The Confirmation Hearing as Audition Tape: What 14 Hours of Theater Produced
By Henry Mallory , February 27, 2026
Topic: Judicial Power
The Spectacle
The Senate Judiciary Committee devoted fourteen hours across two days to the confirmation hearing of the new Attorney General nominee. The senators asked questions. The nominee answered none of them. Both sides declared victory. The Republic endured.
WHAT HAPPENED
- The Senate Judiciary Committee held confirmation hearings on February 26–27, 2026
- The nominee testified for 14 hours and 22 minutes across two sessions
- 22 senators asked a combined 347 questions
- The nominee declined to answer 89 questions, citing executive privilege, ongoing litigation, or the hypothetical nature of the inquiry
- Committee vote is expected along party lines: 11–10
THE OFFICIAL STORY
The majority described the nominee as "exceptionally qualified." The minority described the nominee as "dangerously unfit." Neither characterization was based on anything revealed during the hearing, because nothing was revealed during the hearing. The confirmation hearing has evolved from a fact-finding exercise into a fundraising exercise. Each senator's five-minute window is calibrated not to extract information but to produce a clip suitable for a campaign email subject line.
THE MECHANISM
The modern confirmation hearing operates on a simple principle: the nominee's only objective is to say nothing disqualifying, and the senators' only objective is to create the appearance of accountability without actually imposing any. The result is a 14-hour performance in which both parties execute their choreography with the precision of a ballet company that has been rehearsing the same production since 1987.
The nominee's preparation team — typically 15–20 lawyers conducting "murder boards" for two weeks — has reduced the art of non-answer to a science. Every possible question has been anticipated. Every response has been tested for soundbite vulnerability. The nominee does not think during the hearing. The nominee recites.
EXHIBIT A
Senator Williams (D-VA) asked the nominee whether the president has the authority to direct the DOJ to investigate political opponents. The nominee responded that she would "follow the law and the Constitution." Senator Williams asked which specific legal provision would prevent such a directive.

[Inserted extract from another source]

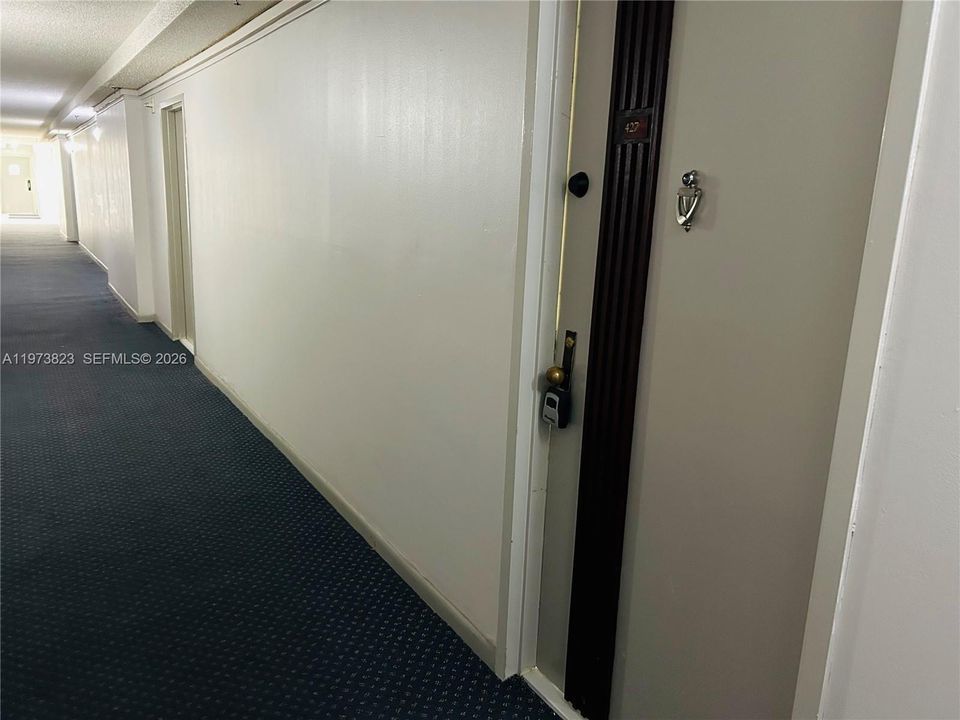 For Sale: $349,000 (1 beds, 1 baths, 767 Square Feet)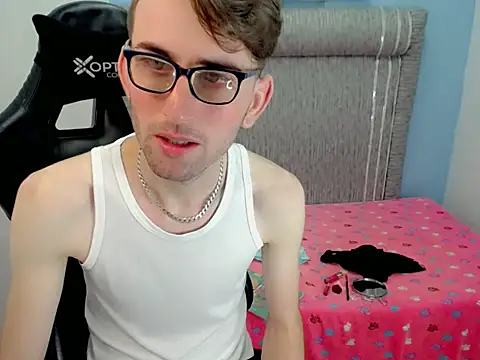 Snapshot of Dani_high chatting on 04/05/26, 11:18 Dani high online show from 04/05/26, 11:18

The nominee responded that she would "evaluate any such request on its merits and in accordance with established DOJ guidelines." This exchange consumed seven minutes. The information content was zero.
THE CROWD'S REWARD
The majority gets a confirmed nominee. The minority gets footage for campaign ads. The nominee gets a lifetime appointment. The public gets the impression that oversight occurred. The only thing not produced is information.
POLLERBULL SIGNAL
- What moves odds: Confirmation hearings do not move electoral odds. They move fundraising totals. Watch ActBlue and WinRed receipts in the 72 hours following the hearing for actual political impact measurement.
- What would falsify this: If a nominee's testimony actually changes a senator's vote, the hearing has served its constitutional function. This has not occurred since 2005.